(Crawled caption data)
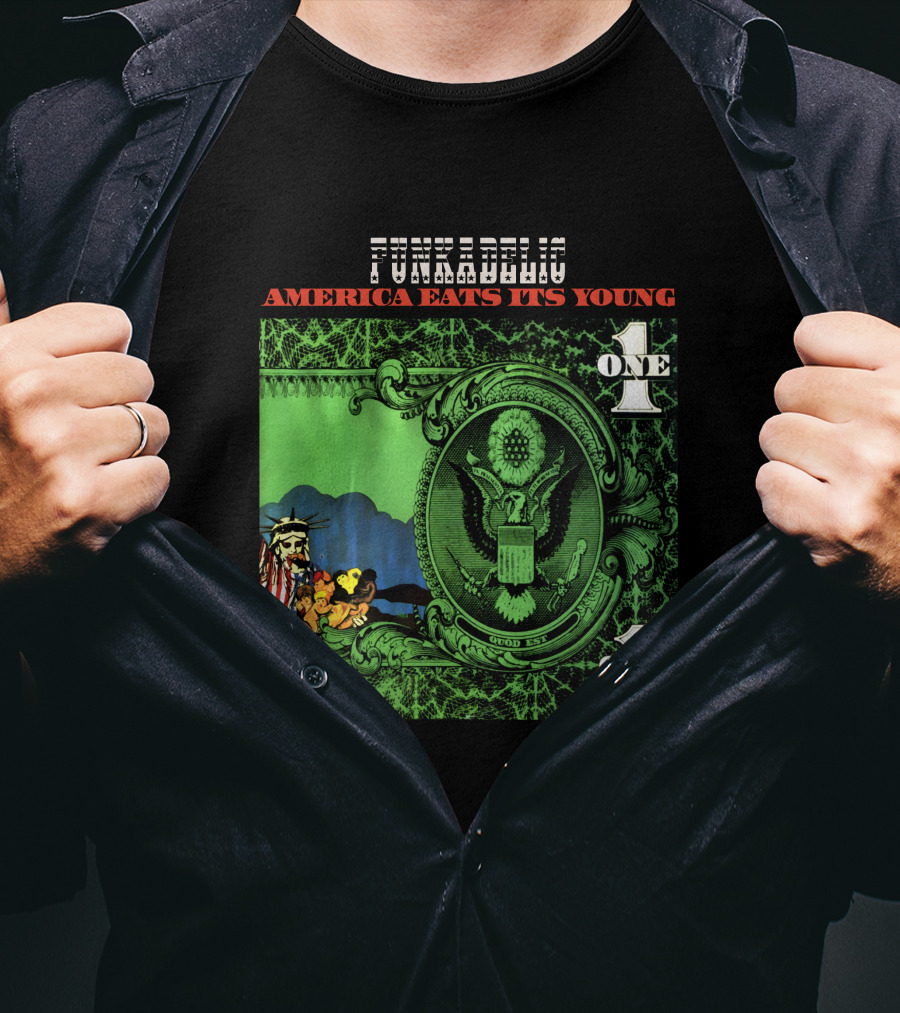 Funkadelic America Eats Its Young One Dollar Bill T-Shirt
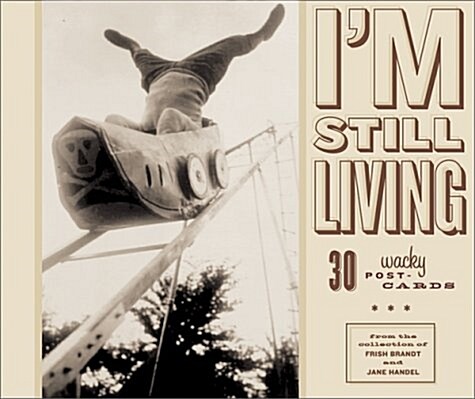 Im Still Living: 30 Wacky Postcards from the Collection of Frish Brandt and Jane Handel (Collectible Postcards) (Cards)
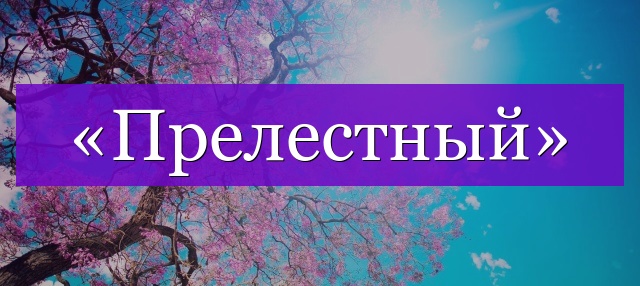 Проверочное слово к слову «прелестный»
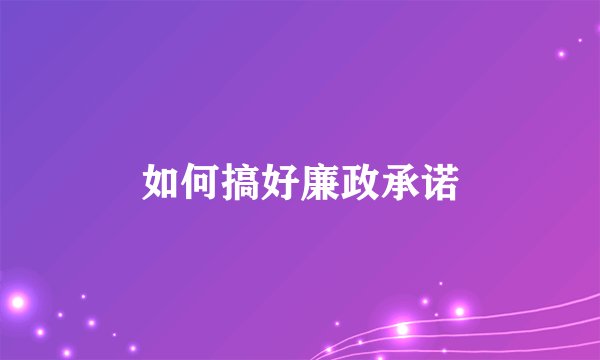 如何搞好廉政承诺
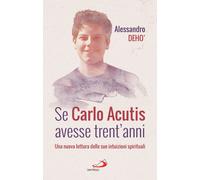 Se Carlo Acutis avesse trent'anni. Una nuova lettura delle sue intuizioni spirituali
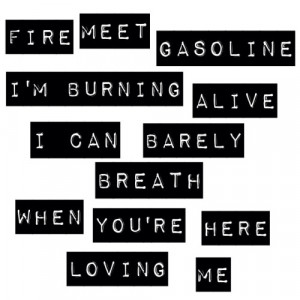 fire meets gasoline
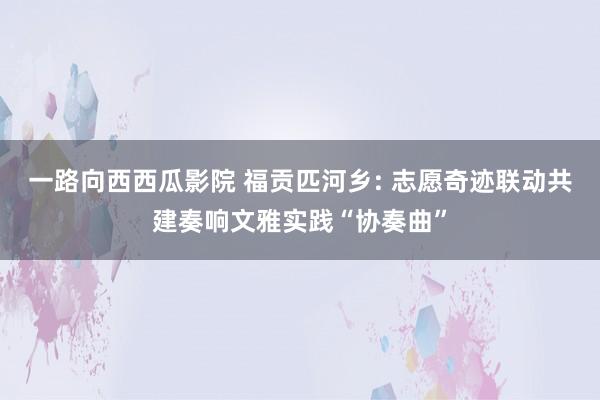 一路向西西瓜影院 福贡匹河乡: 志愿奇迹联动共建奏响文雅实践“协奏曲”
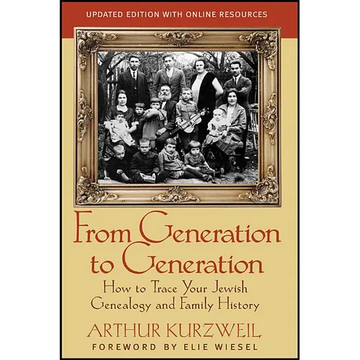 From Generation to Generation: How to Trace Your Jewish Genealogy and Family History - Paperback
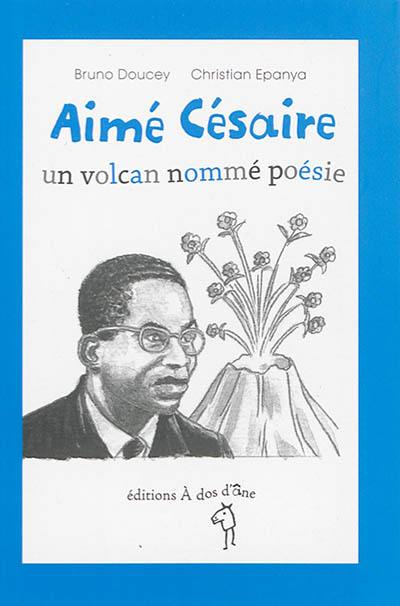 Aimé Césaire : un volcan nommé poésie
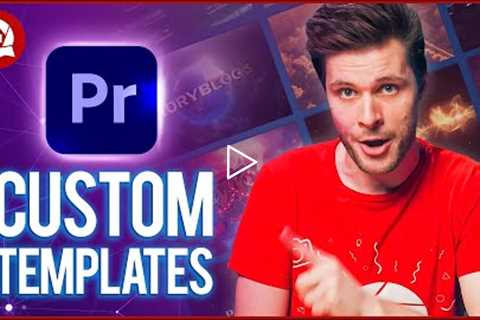 Create CUSTOM TEMPLATES for Adobe Premiere Pro (Tutorial)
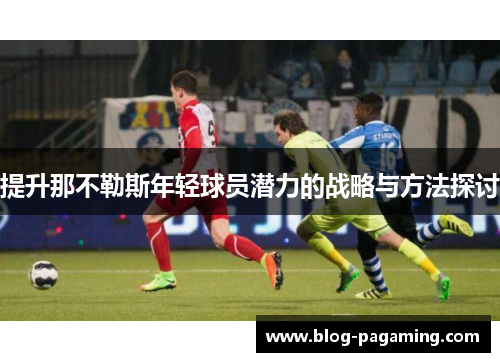 提升那不勒斯年轻球员潜力的战略与方法探讨 提升那不勒斯年轻球员潜力的战略与方法探讨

### Work to be completed:
Output the span from the line with "Create CUSTOM TEMPLATES" through the last line of the data, inclusive and exact, and omit every picture.

### Your response:
 Create CUSTOM TEMPLATES for Adobe Premiere Pro (Tutorial)
 提升那不勒斯年轻球员潜力的战略与方法探讨 提升那不勒斯年轻球员潜力的战略与方法探讨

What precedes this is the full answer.